In 2012 I wrote about an “uncomfortable truth” that Poles who either murdered Jews during WWII or allowed it to happen continue to believe the Germans are the only ones to blame.
It makes sense why someone in Poland would object to Nazi death camps being labeled as Polish death camps. People unfortunately blur geographic location with who came up with an idea. Language should be precise where needed to avoid false attributions.
However, trying to draw clear lines in a very blurry situation also can go too far. Poles should not use a campaign for Nazi attributions to become a blanket excuse to deny any crimes committed by Poles, or to silence discussion of Polish logistics for death camps located in Poland.
The historian at the US Holocaust Memorial Museum (USHMM) wrote an excellent and detailed summary of the situation:
As German authorities implemented killing on an industrial scale, they drew upon Polish police forces and railroad personnel for logistical support, notably to guard ghettos where hundreds of thousands of Jewish men, women, and children were held before deportation to killing centers. The so-called Blue Police was a force some 20,000 strong. These collaborators enforced German anti-Jewish policies such as restrictions on the use of public transportation and curfews, as well as the devastating and bloody liquidation of ghettos in occupied Poland from 1942-1943. Paradoxically, many Polish policemen who actively assisted the Germans in hunting Jews were also part of the underground resistance against the occupation in other arenas.
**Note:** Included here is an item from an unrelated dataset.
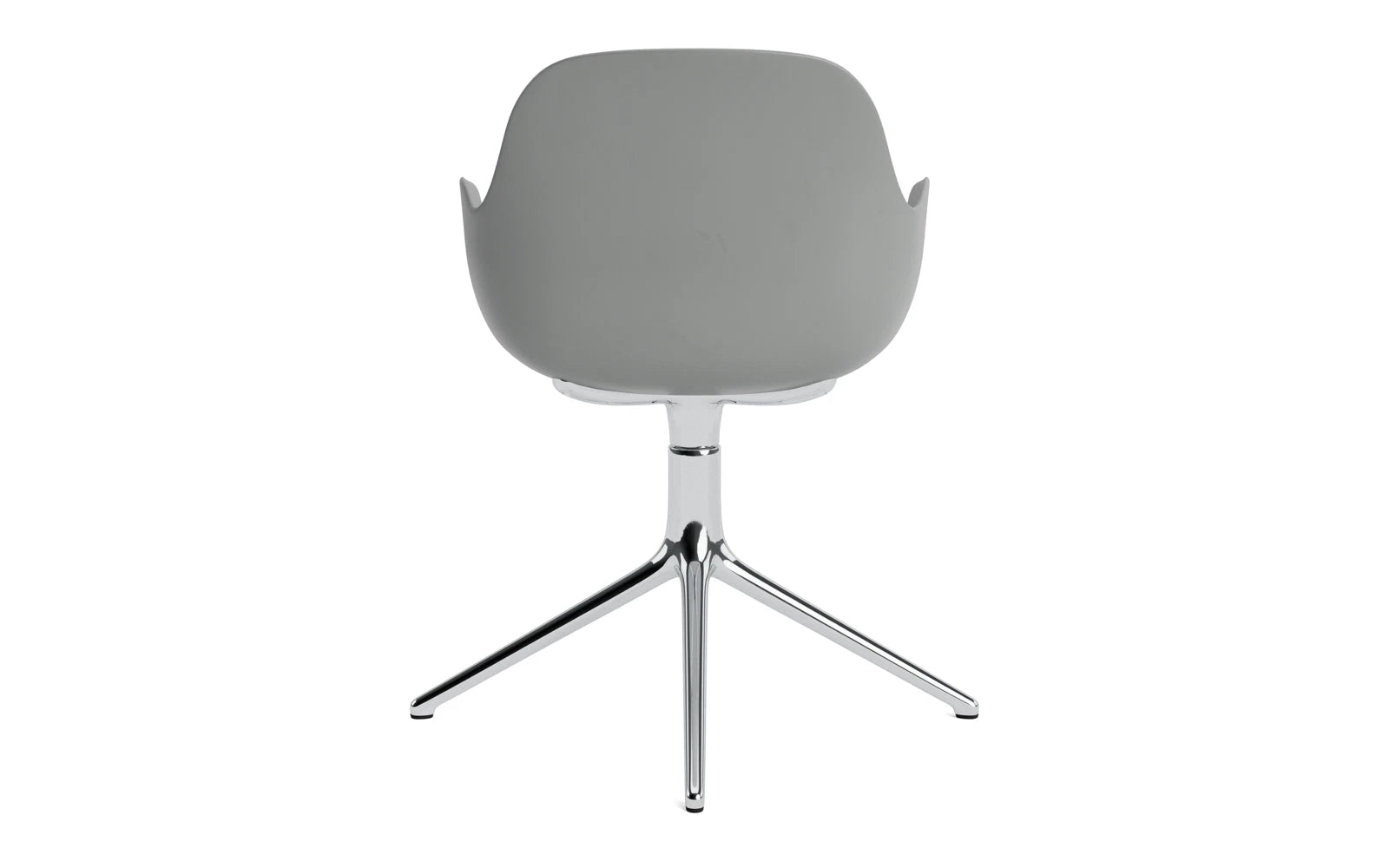 Eleganter Form Drehstuhl mit Armlehnen von Normann Copenhagen in Schwarz/Aluminium. Ideal für Büro und Wohnräume, vereint er Komfort und modernes Design.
Individual Poles also often helped in the identification, denunciation, and exposure of Jews in hiding, sometimes motivated by greed and the opportunities presented by blackmail and the plunder of Jewish-owned property.
I bring this up again because a guard of a death camp now is being tried on the basis of observing people go in who never came out.
Bruno Dey, 93, has claimed he had no idea Jews were being murdered in the Stutthof camp near what’s now Gdansk, where he began working in 1944. But he admitted at trial that he saw Jews taken into gas chambers at the camp, heard their screams and watched the frantic rattling of locked steel doors, The Guardian reported. On at least one occasion, “I didn’t see anyone come out,” he testified.
The USHMM historian estimates 20,000 Poles served in the “Blue Police” (Granatowa policja). They easily could have been in a similar situation as described in a USHMM paper on the subject (PDF).
And, as I’ve also written before, forced deportations since at least 1942 were known (even by the Allied forces) to mean people being sent to Nazi death camps in Poland. Those observing knew that by 1943 only 50,000 Jews out of 350,000 were in Warsaw, and it was this knowledge of certain death that led to the famous uprising.